Meta-Learning Adversarial Bandits

TL;DR

This paper introduces a meta-learning algorithm for adversarial bandit problems across multiple tasks, improving average performance by adapting to task similarities in both multi-armed bandits and bandit linear optimization settings.

Contribution

It is the first to address adversarial bandit learning with meta-algorithms, providing setting-specific guarantees and adaptive regret bounds for MAB and BLO.

Findings

Meta-algorithm improves task-averaged regret when task similarities are high.

Adaptive guarantees depend on measures of task similarity and regularizer properties.
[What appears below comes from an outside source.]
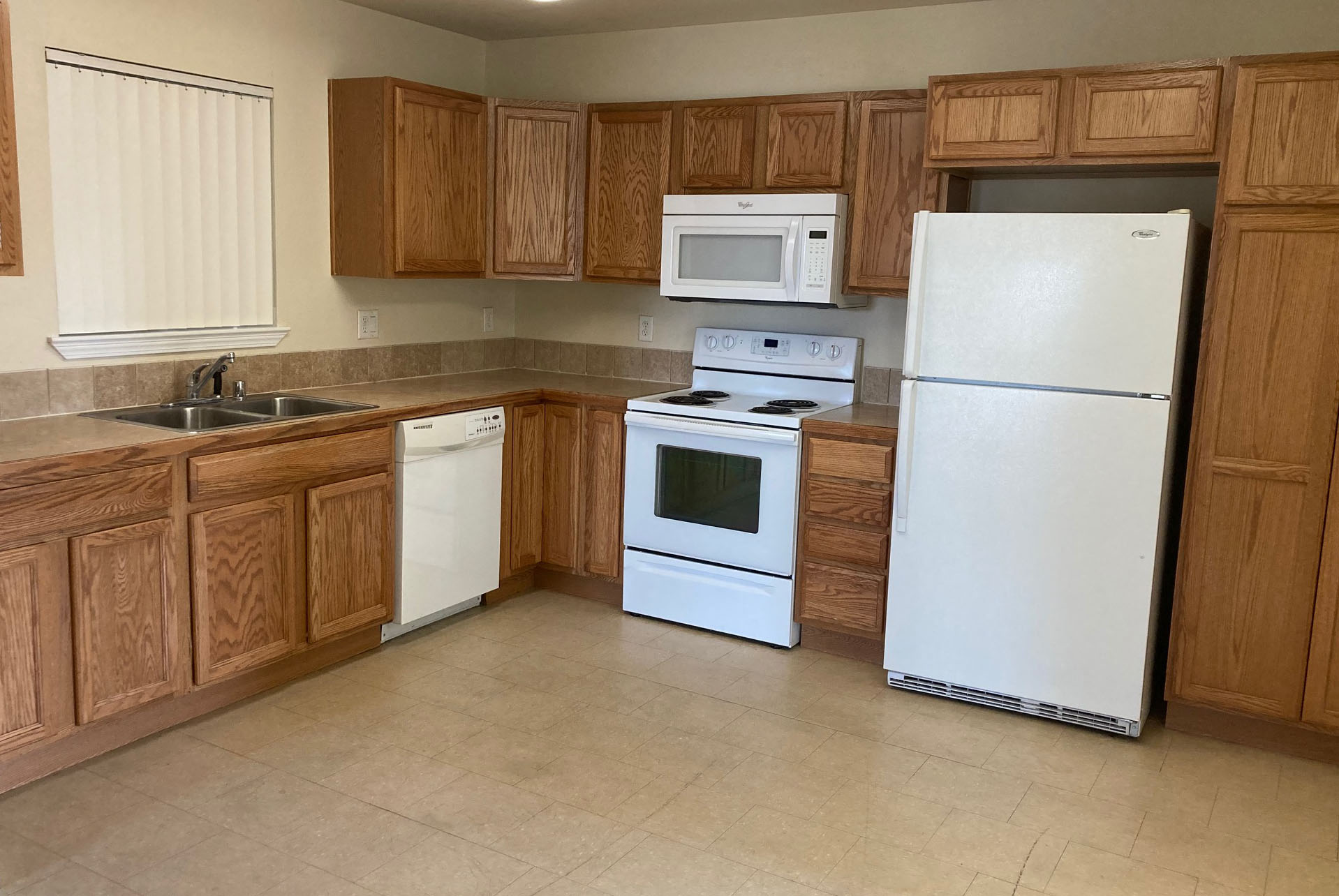 a kitchen with white appliances and wooden cabinets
Unregularized follow-the-leader with multiplicative weights effectively bounds regret.

Abstract

We study online learning with bandit feedback across multiple tasks, with the goal of improving average performance across tasks if they are similar according to some natural task-similarity measure. As the first to target the adversarial setting, we design a unified meta-algorithm that yields setting-specific guarantees for two important cases: multi-armed bandits (MAB) and bandit linear optimization (BLO). For MAB, the meta-algorithm tunes the initialization, step-size, and entropy parameter of the Tsallis-entropy generalization of the well-known Exp3 method, with the task-averaged regret provably improving if the entropy of the distribution over estimated optima-in-hindsight is small. For BLO, we learn the initialization, step-size, and boundary-offset of online mirror descent (OMD) with self-concordant barrier regularizers, showing that task-averaged regret varies directly with a measure induced by these functions on the interior of the action space. Our adaptive guarantees rely on proving that unregularized follow-the-leader combined with multiplicative weights is enough to online learn a non-smooth and non-convex sequence of affine functions of Bregman divergences that upper-bound the regret of OMD.